» **Exercise**
Could you repeat every line below exactly, skipping the images?

» **Given information**
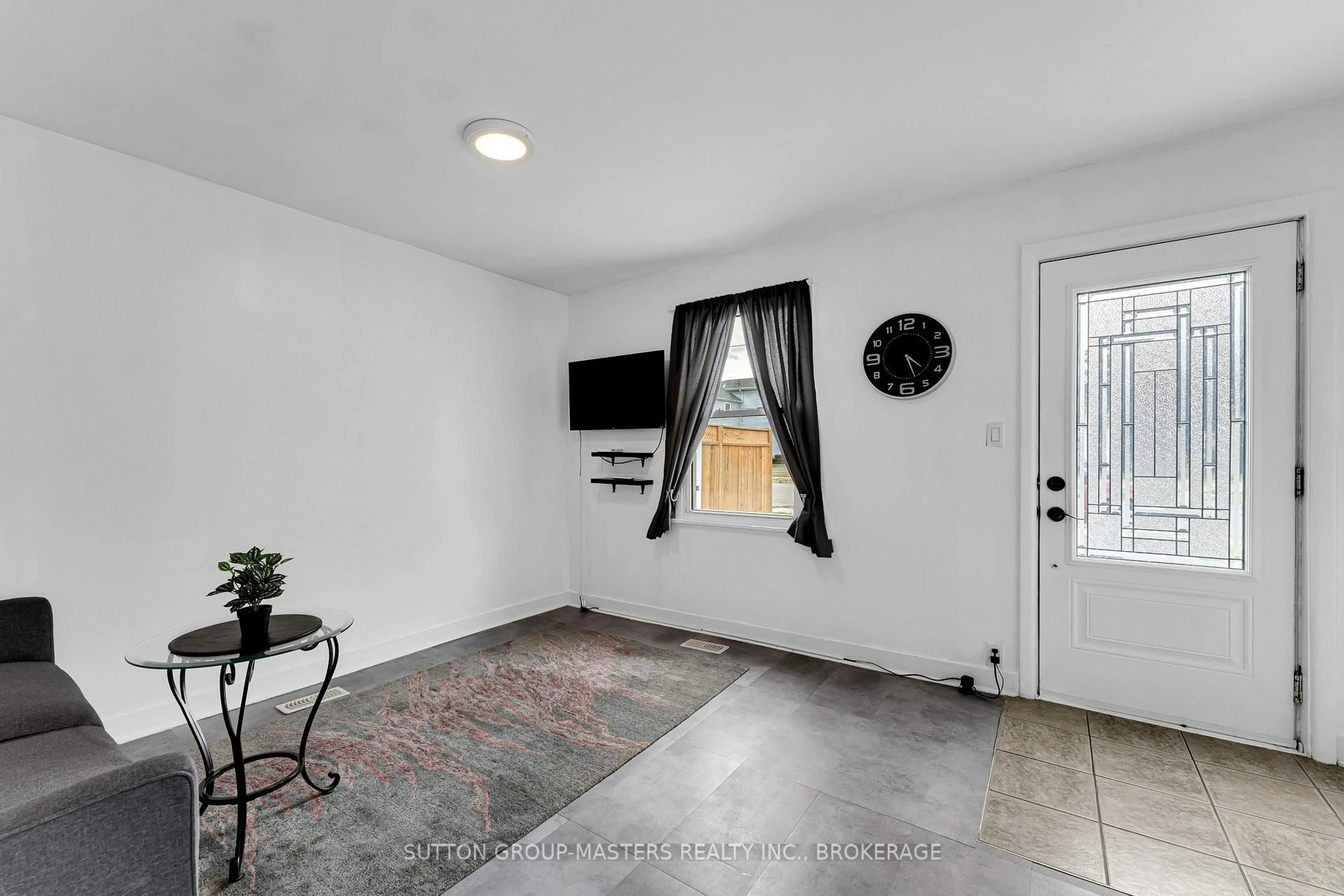 Indoor entryway for 11 Kingscourt Ave, Kingston Ontario K7K 4N6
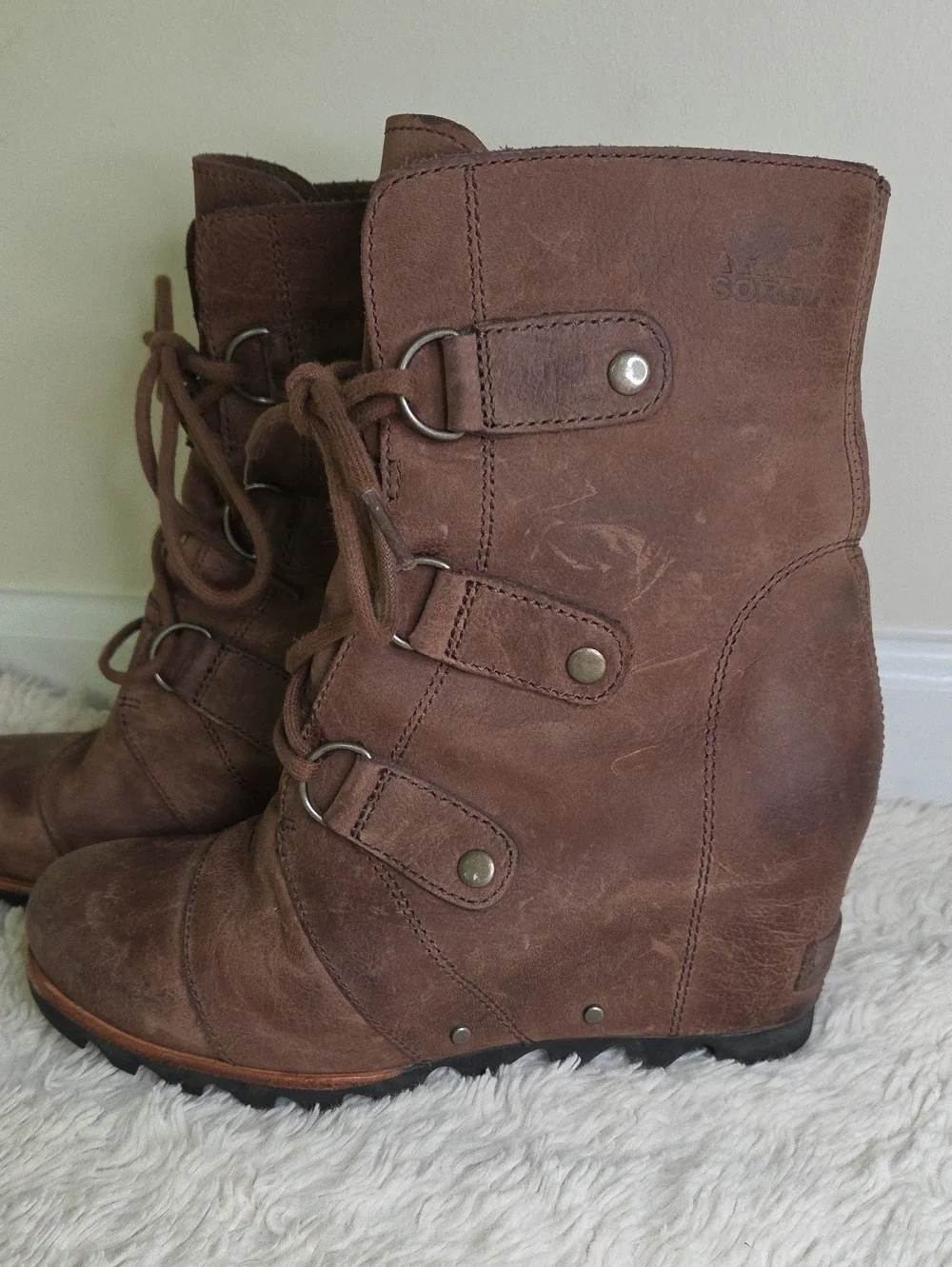 Women's Sorel Joan Of Artic Brown Wedge Boots Sz 7.5
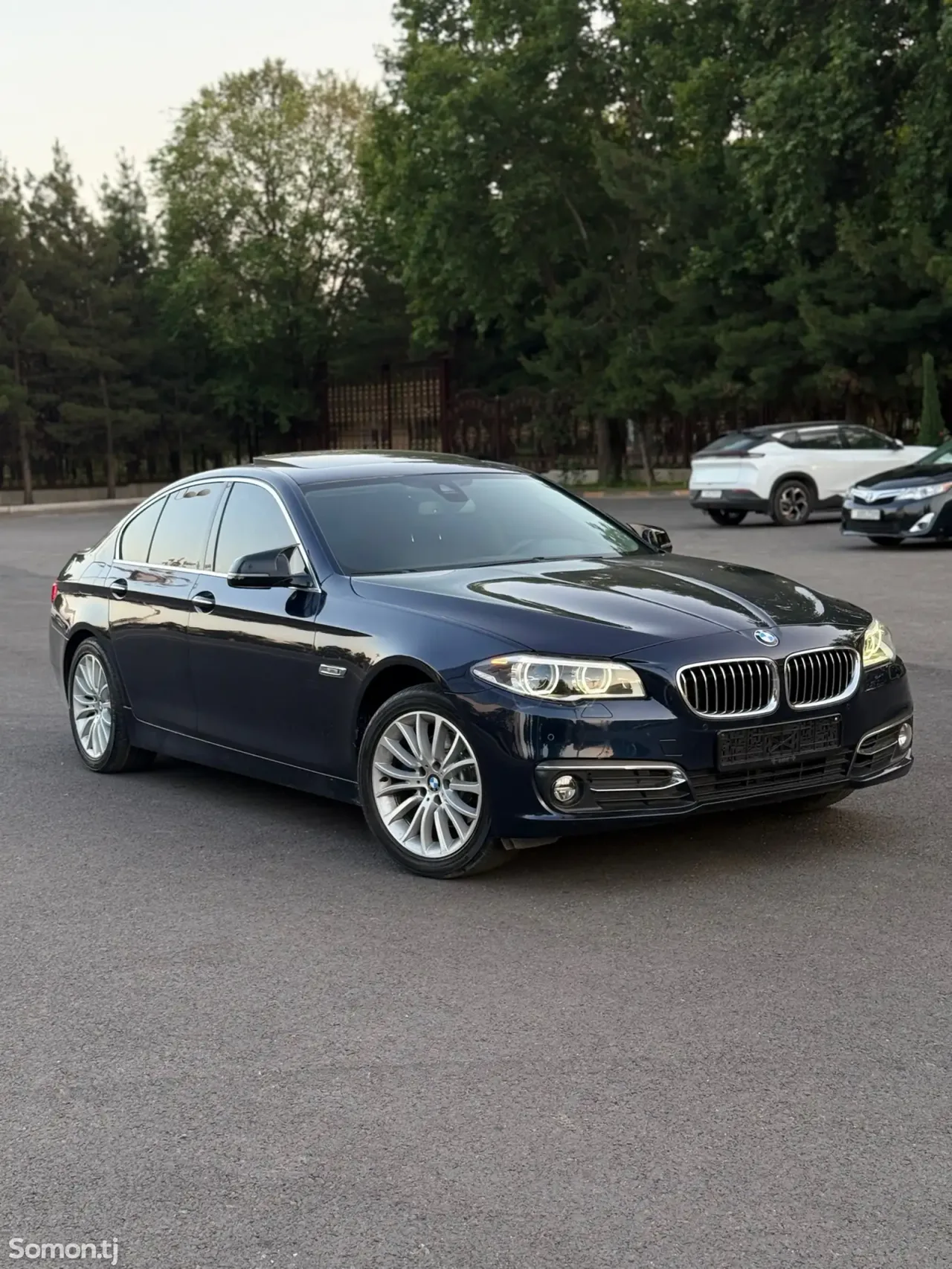BMW 5 series 2014 · 2.0 AT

» **Expected answer**
 Indoor entryway for 11 Kingscourt Ave, Kingston Ontario K7K 4N6
 Women's Sorel Joan Of Artic Brown Wedge Boots Sz 7.5
BMW 5 series 2014 · 2.0 AT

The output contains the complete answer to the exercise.